(Avelar Santos)
Desde menino, aprendi a amar incondicionalmente as
velas que enfeitavam, singelas e bucólicas, do raiar da Alva ao nascer da Lua,
a bela baía de minha adorada cidade, Camocim.
Como era bom, meu Paizinho do Céu, vê-las chegar,
à tardinha, na Praia das Pedrinhas, próximo da Pedra do Mero, numa
procissão infinita de beleza e cor, deslizando, suaves, encantadoras, no
incomparável e lindíssimo mar esmeralda da Terra da Luz, como se fossem garças
reais adejando ao vento norte.
Nessas ocasiões, acompanhado de meu pai, íamos, eu
e ele, com o coração gargalhando de felicidade e os olhos em festa, abarcando
toda linha do horizonte, comprar peixe fresco, ali, nas canoas, corós e
pescadas amarelas, ainda de guelras avermelhadas e olhos vítreos brilhantes,
por modestíssimos cruzeiros.
À medida que as canoas chegavam a terra,
ostentando na proa nomes exóticos, cinzelados artisticamente pelo sal e pelo
Sol, as pessoas se acotovelavam ao seu redor e, aos gritos, faziam os seus
pedidos ao mestre da embarcação, que, conhecendo todos eles, fregueses antigos,
separava, metodicamente e com extrema rapidez, em pequenos cambos, os peixes
prediletos de cada um, embolsando, em seguida, o dinheiro da compra.

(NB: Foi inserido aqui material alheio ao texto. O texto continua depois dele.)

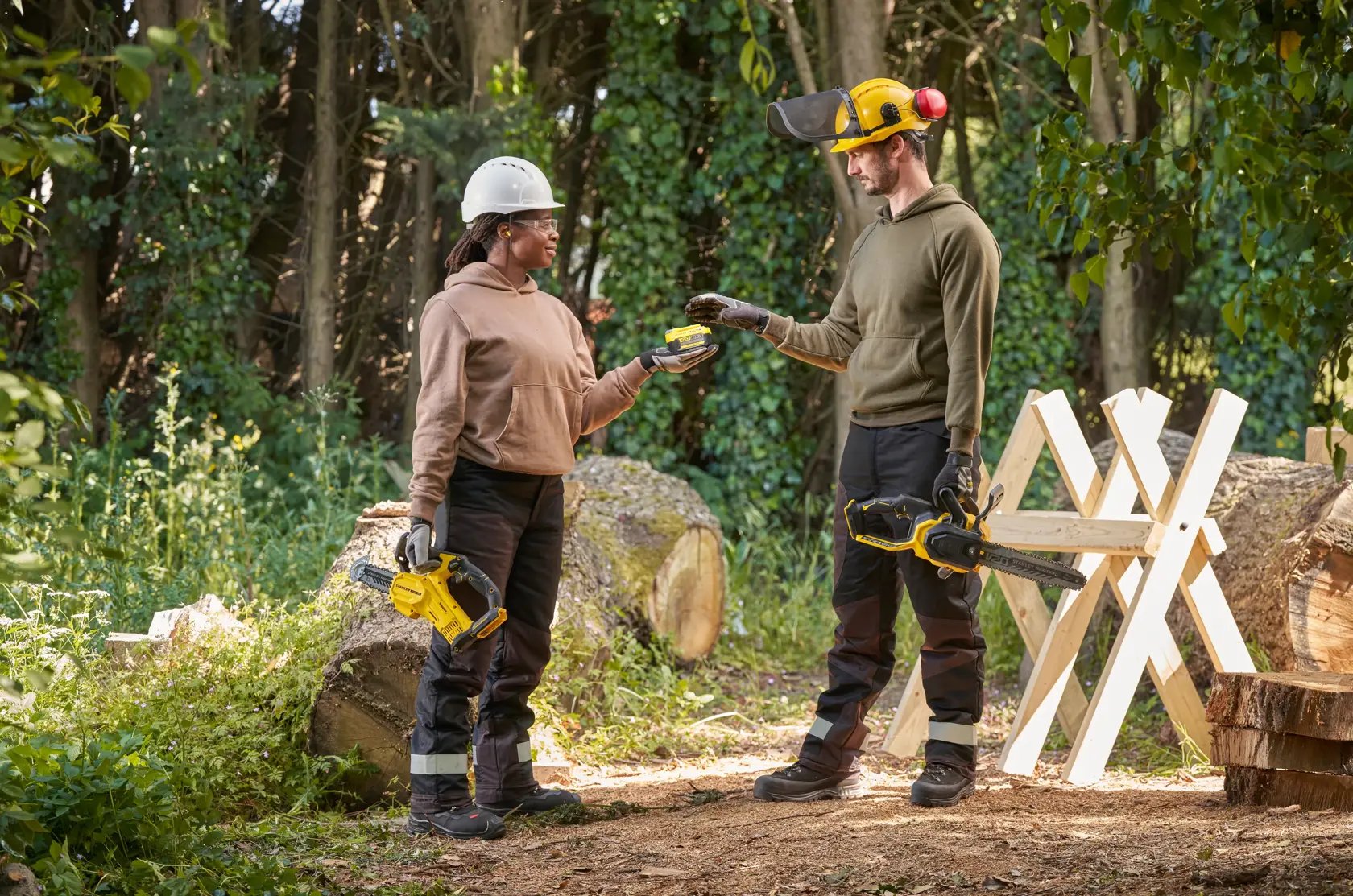STANLEY SFMCCS730B motosega tenuta da due persone all'aperto con equipaggiamento di sicurezza vicino a tronchi e cavalletto.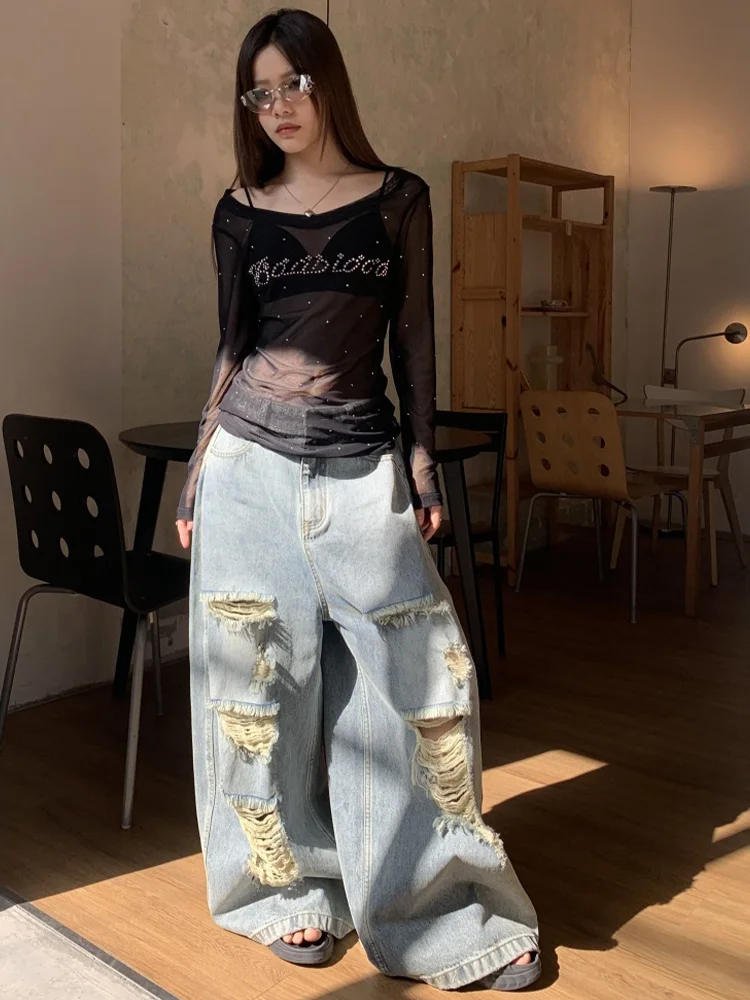 بنطلون جينز نسائي أمريكي عصري بمقاسات كبيرة، تصميم مثير مع فتحات، فضفاض وطويل يصل للأرض، يساعد على تنحيف الجسم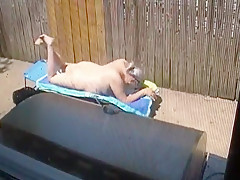 Kim Bates caught laying out in the nude. Enjoy the view.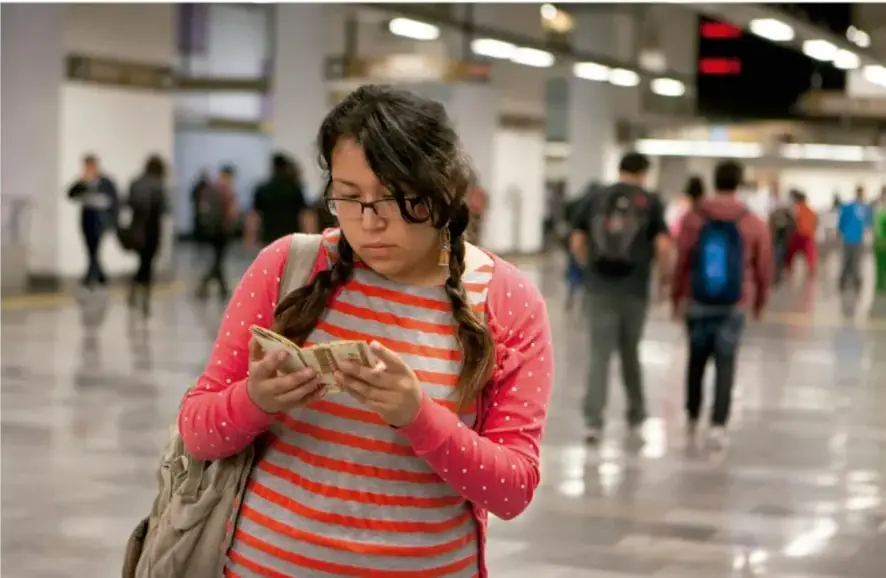 Fotografía de una estudiante leyendo un libro en un espacio público concurrido, posiblemente una estación o pasillo comercial.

Depois de sermos atendidos, esgrimindo paciência e
bom humor, voltávamos para casa, alegres, a passo de tartaruga, conversando
animadamente sobre coisas do futuro e também amenidades cotidianas, agradecendo
intimamente ao Todo Poderoso por tantas graças recebidas diariamente, aos
borbotões, quiçá, muitas delas, até imerecidamente, bem como pelas fartas
iguarias, provenientes de nosso abençoado mar, que estariam brevemente na nossa
franciscana mesa.
O tempo correu lépido e fagueiro, nas asas
ligeiras de Mercúrio, e eis que, de repente, não sei bem por que, dei-me conta
do sumiço da Lucinda, Trás dos Montes, Encantada, Bem me Quer, Flecha do Mar,
Gaivota, dentre tantas outras canoas, tão conhecidas, que encheram de êxtase
absoluto minha pobre alma e povoaram ingenuamente os meus sonhos, nos idos e
inesquecíveis anos de minha infância.
… Do velho balaústre, acompanhado, agora, por
minhas duas filhas pequenas, Damaris e Samira, filhas eterna e infinitamente
tão amadas, que palram alegremente, sem parar, questionando-me coisas que não
sei explicar direito, diviso, ao longe, as velas coloridas das canoas,
enfunadas, na entrada da barra, elegantes, brincando com o vento, singrando
desafiadoramente as ondas, a fim de se recolherem, pobrezinhas, exaustas, após
mais um dia de embates e vitórias, no aconchego seguro do lar.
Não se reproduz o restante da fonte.